> [DATA EXTRACT]:

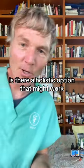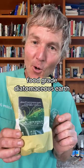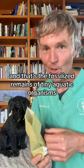Your dog or cat has worms. Is there a holistic option that might work? You should consider food-grade diatomaceous earth. It's a naturally occurring sedimentary rock — the fossilized remains of tiny aquatic organisms.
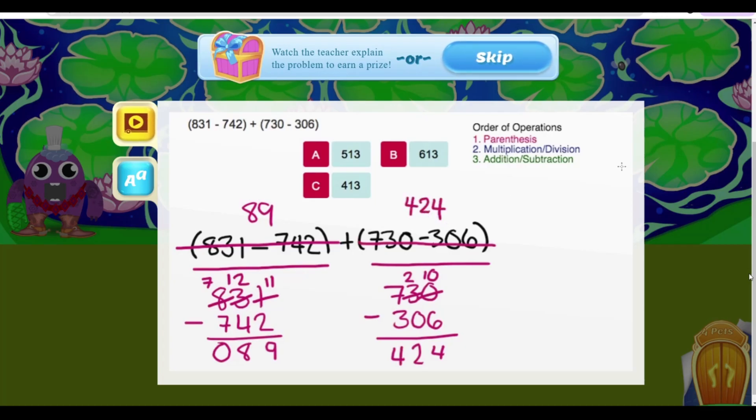Now the next step of the order of operations that we can do is addition. So we want to know what 424 plus 89 is. Well, 9 plus 4 is 13. 2 plus 8 is 10, plus 1 is 11. And 4 plus 1 is 5. So 89 plus 424 is 513, making A our answer.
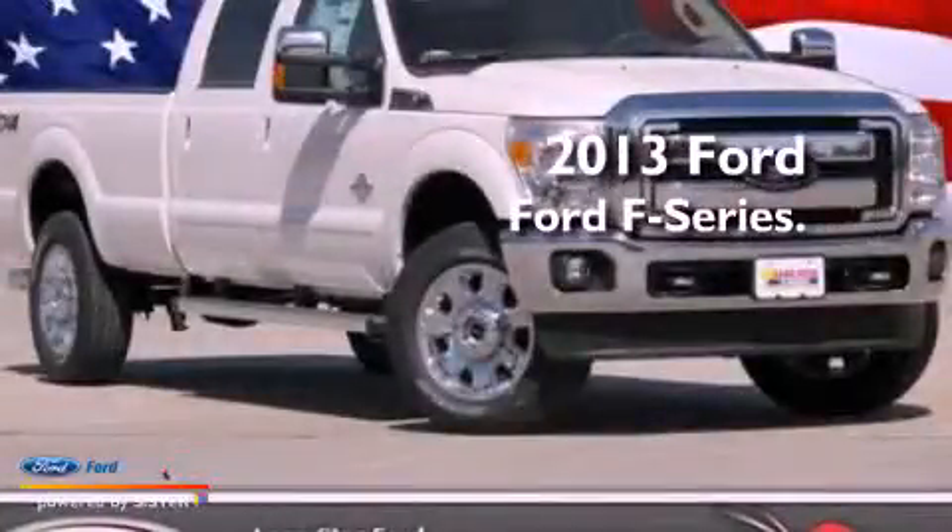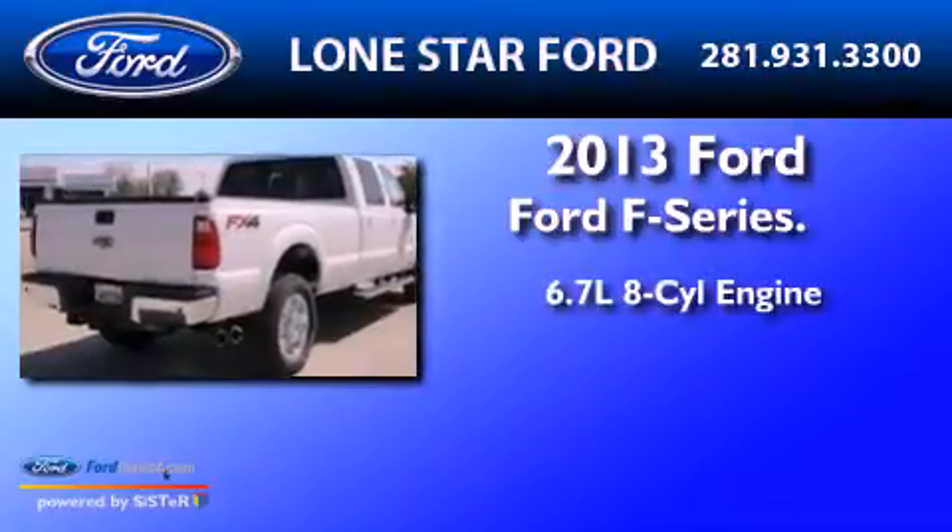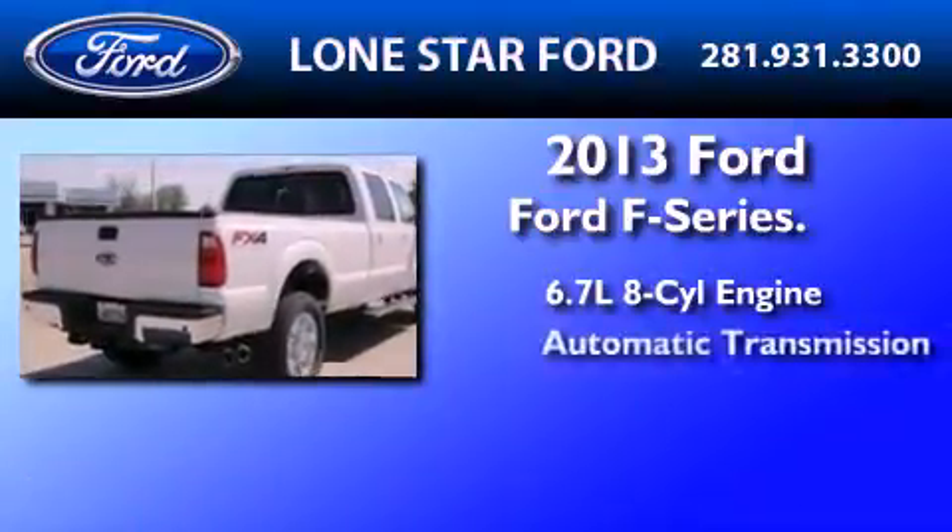This is a brand-new 2013 Ford F-Series. It features a 6.7-liter, eight-cylinder engine and an automatic transmission.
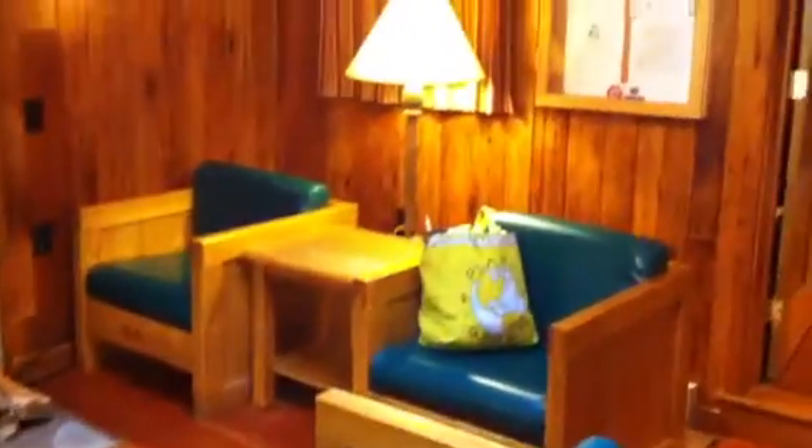Walking in the door, we've got our own little fireplace or wood stove, complete with couch and chairs and lots of lighting.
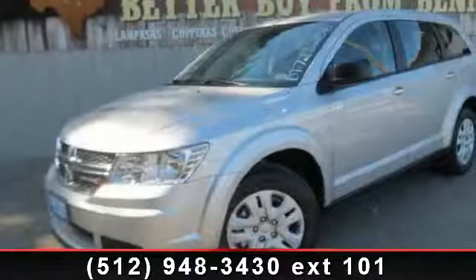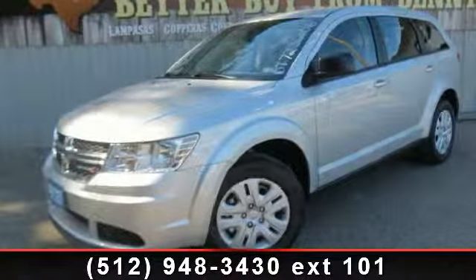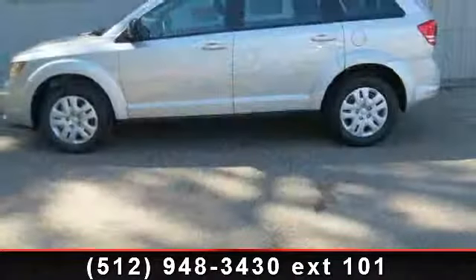Step into the 2013 Dodge Journey. If you are looking for an automobile with great features, look no further.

> [EXERCISE]: Without including any picture, set down the listing above exactly as it appears.

> [RESPONSE]:
Your dog or cat has worms. Is there a holistic option that might work? You should consider food-grade diatomaceous earth. It's a naturally occurring sedimentary rock — the fossilized remains of tiny aquatic organisms.
Now the next step of the order of operations that we can do is addition. So we want to know what 424 plus 89 is. Well, 9 plus 4 is 13. 2 plus 8 is 10, plus 1 is 11. And 4 plus 1 is 5. So 89 plus 424 is 513, making A our answer.
This is a brand-new 2013 Ford F-Series. It features a 6.7-liter, eight-cylinder engine and an automatic transmission.
Walking in the door, we've got our own little fireplace or wood stove, complete with couch and chairs and lots of lighting.
Step into the 2013 Dodge Journey. If you are looking for an automobile with great features, look no further.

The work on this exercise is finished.